This contribution may be through an impressive application of imaging to research, development of imaging or image analysis tools, an inspiring public engagement initiative, or a demonstration of exceptional support to other imaging scientists. We are not currently accepting applications for this award.
Any person undertaking work in the field of microscopy/flow cytometry and belonging to one of the following categories is eligible for this award*:
Applicants must be based within the UK/EU.
*entries from applicants outside the above criteria will be considered on a case-by-case basis by the Early Career Committee.
Alex was awarded the RMS Early Career Award for his work developing a range of quantitative light and electron microscopy approaches to investigate the molecular mechanisms of endocytosis in plants.
He started working with plants during his 1st post doc in the labs of Dr. Gregory Vert and Dr. Christien Merrifield (Centre National de la Recherche Scientifique, France). At this time, how endocytosis functioned in plants was poorly characterized. This is because plants present many technical challenges to image dynamic sub-cellular processes, like endocytosis, at appropriate resolutions. However, during this placement, Alex and his colleagues established a reliable method to apply total internal reflective fluorescence microscopy (TIRF-M) with automated unbiased analysis to quantify live single events of endocytosis in intact plants. Building on this experience, he then joined the group of Prof. Jiri Friml (Institute of Science and Technology Austria, Austria) where he optimized the use of structured illumination microscopy (SIM) to further improve their ability to resolve the dynamic interplay of proteins at endocytic events. Furthermore, here he also developed the use of metal replicas of unroofed plant cells with scanning electron microscopy (SEM) and scanning transmission electron microscopy (STEM) tomography to directly visualize plant endocytosis events in 3D for the first time. Using these quantitative imaging tools, Alex has significantly updated the working model of plant endocytosis and uncovered that it is evolutionarily unique from other eukaryotic model systems. In addition, Alex has released details of the the full protocols, analysis codes and example data for these microscopy and analysis techniques as open access resources to aid the progression of plant endocytic investigation.
He is currently a post doc in the lab of Dr. Kareem Elsayad (Medical University of Vienna, Austria), where he is developing novel optical microscopy and spectroscopy techniques to elucidate microscopic scale mechanical, structural, and dynamic properties of biological samples.
Katherine, who began her PhD in 2018 at Chris MacDonald’s laboratory, was chosen in recognition of the novel approaches in imaging and cytometry she has brought to her studies on the regulation of cell surface membrane proteins.
Cell surface membrane proteins perform diverse and critical functions and are spatially and temporally regulated by membrane trafficking pathways. These trafficking pathways are evolutionary conserved from yeast to humans. MacDonald lab uses yeast as a model organism to study these pathways.

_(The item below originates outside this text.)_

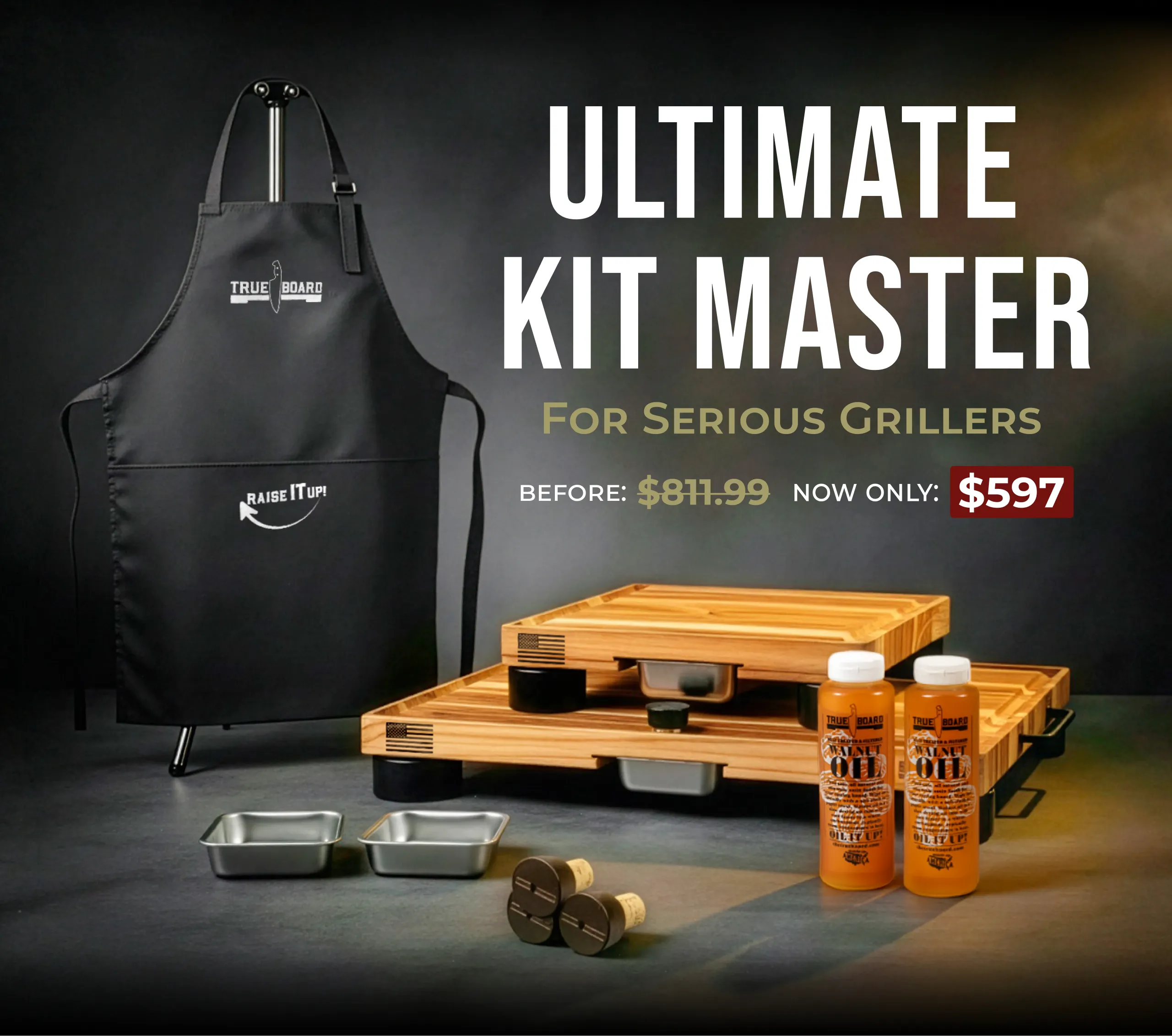 Grilling kit with apron, cutting board, and bottles on a dark background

It became clear from Katherine’s initial studies that although standard confocal microscopy could be used to visualise some of the processes she was interested in, there were also limitations. She then helped optimise a suite of imaging and cytometry approaches to study surface proteins. This includes Airyscan2, structured illumination (SIM) and photoactivated localisation microscopy (PALM); all of which can be coupled to bespoke microfluidic exchange systems.
Katherine is also in the process of optimising a high throughput method to measure Förster resonance energy transfer (FRET) in yeast using robotics and flow cytometry.

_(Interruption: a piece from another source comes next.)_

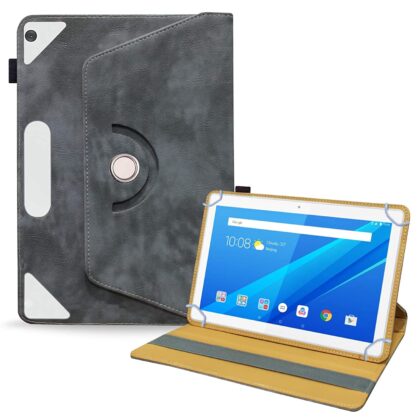 TGK Rotating Leather Flip Case Tablet Stand Cover for Lenovo Tab M10 10.1 Inch MODEL TB-X505X / TB-X505F / TB-X505L / TB-X605L / TB-X605F (Stone-Grey)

Kevin Whitley began his post-doc in 2017, sharing his time between the groups of Cees Dekker (at TU Delft, Netherlands) and Séamus Holden (Newcastle University, UK). The idea for his project was to combine the expertise of both groups (nanofabrication and microfluidics from Dekker lab, bacteriology and custom high-resolution microscopy from Holden lab) to study the dynamics of the essential bacterial division protein FtsZ.
His work incorporated both nanofabrication and microscopy elements, enabling the development of a method to image bacterial division proteins in high-resolution while perturbing them rapidly with antibiotics. This approach, and other methods, has enabled the discovered key roles of the essential cytoskeletal protein FtsZ in cell division and the dynamics underlying these roles.
He is currently based at Newcastle, continuing to investigate the dynamics of bacterial division at a molecular and cellular level using nanofabrication, microfluidics, and high-resolution microscopy. He is also continuing to develop methods for bacterial microscopy through instrument control and image analysis software.